To track the currently connected hosts, put the flag files into ~alias/dialflags and have the dialup connection script create a file with the host's simple name (red, blue, or green) in that directory containing the host's current IP address. Then run this script from cron to push out the mail to whichever hosts are currently connected:

#!/bin/sh
# run this every 15 minutes from cron to push out the mail

cd /var/qmail/alias/dialflags

for hn in *
do
ip=$(cat $hn) # IP address in the flag file

setlock ../$hn.lock \ # lock deliveries to this host
maildirsmtp /var/qmail/alias/dialmail \
alias-dial-$hn- $ip my.example.com 2>&1 |
splogger serial
done

If you also want to push out any waiting mail as soon as a host connects, also put a call to maildirsmtp into the host's connection script. Be sure to use the same lock file to avoid confusion if the cron job happens to run at the same time. If you add another host called purple, you only need to add another line to virtualdomains:

purple.example.com:alias-dial-purple

The remote hosts can use a similar setup to forward their mail to the main host, using a single smarthost entry in virtualdomains.


Code in extra.h to copy everything to log




#define QUEUE_EXTRA "Tlog\0"
#define QUEUE_EXTRALEN 5

Now every message will be copied to the address log, so you can create ~alias/.qmail-log to save the mail:

./logmaildir/

The .qmail file must save the mail but cannot forward it. Why not? Because forwarding mail invokes qmail-queue again, which will redeliver the mail to log, creating a nasty mail loop.


Deleting Stale Mail



cd /home
{
# unread mail over a month old
find /home/*/Maildir/new -type f -mtime +30 -p
# read mail over three months
find /home/*/Maildir/cur -type f -mtime +90 -p
# any mail marked deleted
find */Maildir -type f -name "*:2,*T*" -print
# any mail in Trash/new or cur
find */Maildir/.Trash/??? -type f -print
} | xargs -t rm


Web Sites



There are several excellent sources of qmail information online.


http://cr.yp.to

Dan Bernstein's web site, the official source for qmail and all of his ad-on packages.

http://www.qmail.org

Russ Nelson's qmail resource site, intended to have links to all of the other resources on the Web.

http://qmail.gurus.com

The author's companion site for this book, containing scripts, updates and corrections, links to other resources, and ordering info for more copies.
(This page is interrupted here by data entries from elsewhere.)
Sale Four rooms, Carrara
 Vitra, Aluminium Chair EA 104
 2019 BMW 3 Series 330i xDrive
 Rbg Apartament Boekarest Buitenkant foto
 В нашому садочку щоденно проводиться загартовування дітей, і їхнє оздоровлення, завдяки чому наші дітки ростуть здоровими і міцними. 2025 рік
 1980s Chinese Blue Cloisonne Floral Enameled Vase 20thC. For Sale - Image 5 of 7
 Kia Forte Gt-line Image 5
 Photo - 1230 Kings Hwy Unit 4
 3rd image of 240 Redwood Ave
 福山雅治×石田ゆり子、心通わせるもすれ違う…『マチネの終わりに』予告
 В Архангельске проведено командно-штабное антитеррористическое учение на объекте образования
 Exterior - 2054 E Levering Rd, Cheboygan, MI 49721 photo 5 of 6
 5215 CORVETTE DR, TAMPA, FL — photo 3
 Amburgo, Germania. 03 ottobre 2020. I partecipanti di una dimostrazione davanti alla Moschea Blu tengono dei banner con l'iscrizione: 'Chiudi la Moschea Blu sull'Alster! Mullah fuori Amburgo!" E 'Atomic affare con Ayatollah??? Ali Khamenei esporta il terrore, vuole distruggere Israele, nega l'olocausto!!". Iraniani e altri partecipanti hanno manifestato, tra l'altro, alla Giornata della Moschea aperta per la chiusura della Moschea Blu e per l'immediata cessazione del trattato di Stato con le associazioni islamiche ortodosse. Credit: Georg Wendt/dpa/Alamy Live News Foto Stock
http://www.lifewithqmail.org

Dave Sill's Life with qmail, an online guide to setting up and using qmail. It offers specific advice about where to install qmail, and where to put all of the files and directories that qmail needs. This is by far the most widely used setup and the one that qmail experts are the most familiar with, so it's the one you should use. The file and directory locations used in this book are consistent with these.

http://www.lifewithqmail.org/ldap/

Henning Brauer's Life with qmail-ldap, a guide to setting up qmail-ldap. Indispensable for qmail-ldap users.

http://www.ezmlm.org

The home page for the ezmlm-idx mailing list manager, with software and documentation.

http://tinydns.org

Russ Nelson's site for Dan Bernstein's djbdns, a DNS package that relates to BIND roughly as qmail relates to sendmail. Not required for qmail, but if you're setting up a DNS server along with your mail server, it's probably the software you want to use.